37 L A B T O M A R K E T Optimizing Ideas Generated from Crowdsourcing Contests Crowdsourcing contests that allow firms to seek ideas from external contributors (“solvers”) to address their problems are growing in popularity. Yet solvers’ relationships with firms and peers within the crowd can be complex. To better understand the dynamics at work, Prof. Tat Koon KOH (Information Systems, Business Statistics and Operations Management) studied how solvers use feedback on their ideas and the behaviors involved. The research also proposed a feedback evaluation mechanism designed to encourage solvers to behave more optimally for firms in the critical aspect of idea quality, enabling companies to better benefit from the wisdom of the crowd.

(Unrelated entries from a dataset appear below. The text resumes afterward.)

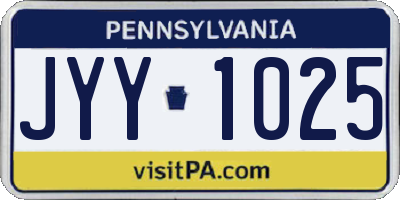 PA license plate JYY1025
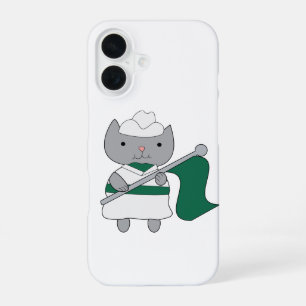 Cat Color Guard Groen Wit iPhone 16 Hoesje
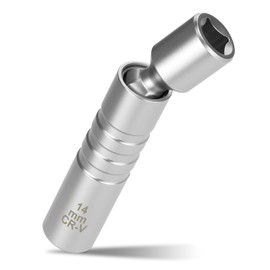 AQFTUSX 14mm Spark Plug Socket Set, Magnetic Spark Plug Socket, 1mm Thin Wall,CR-V Steel, 3/8 Inch Drive, 360° Universal Joint Socket Removal Tool,12-Point,Compatible with Car, Motorcycle, SUV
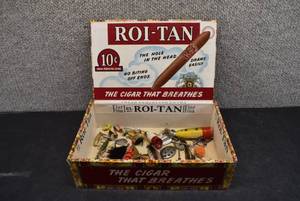 lot 2084 image: Cigar Box With Fishing Lures  Hildebrandt, Abu Garcia, Pflueger, Acme Tackle co.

HUMANITIES AND SOCIAL SCIENCE Bridging Cultures Through Literature In Transpatial Modernity: Chinese Cultural Encounters with Russia via Japan (1880–1930) , Prof. MA Xiaolu (Humanities) explores the relationship between Chinese, Japanese, and Russian literature in the early 20th century. The monograph traces how tropes from Russian literature entered Chinese literature via the writings of Japanese authors, providing pioneering in-depth insights into East Asian cultural exchange and modernity. The monograph received an Honorable Mention in the Anna Balakian Prize awarded by the International Comparative Literature Association, the premier global scholarly association for researchers in comparative literature. Charting Love and Societal Relations in China Prof. WU Shengqing (Humanities) and Prof. HOU Yue (Social Science) spent 2024–25 in the U.S. after gaining prestigious fellowships. Supported by the Luce East Asia Fellowship at the National Humanities Center, Prof. Wu worked on her next book, Reconfiguring Intimacy: Touch and Modern Love in China . Her research provides fresh perspectives on how transnational flows of text and images “reinvented” romantic love. Prof. Hou became one of six W. Glenn Campbell and Rita Ricardo-Campbell National Fellows at Stanford University’s Hoover Institution, selected from applicants worldwide. She progressed on her next book project, focusing on how governments and businesses in China collaborate to provide public services.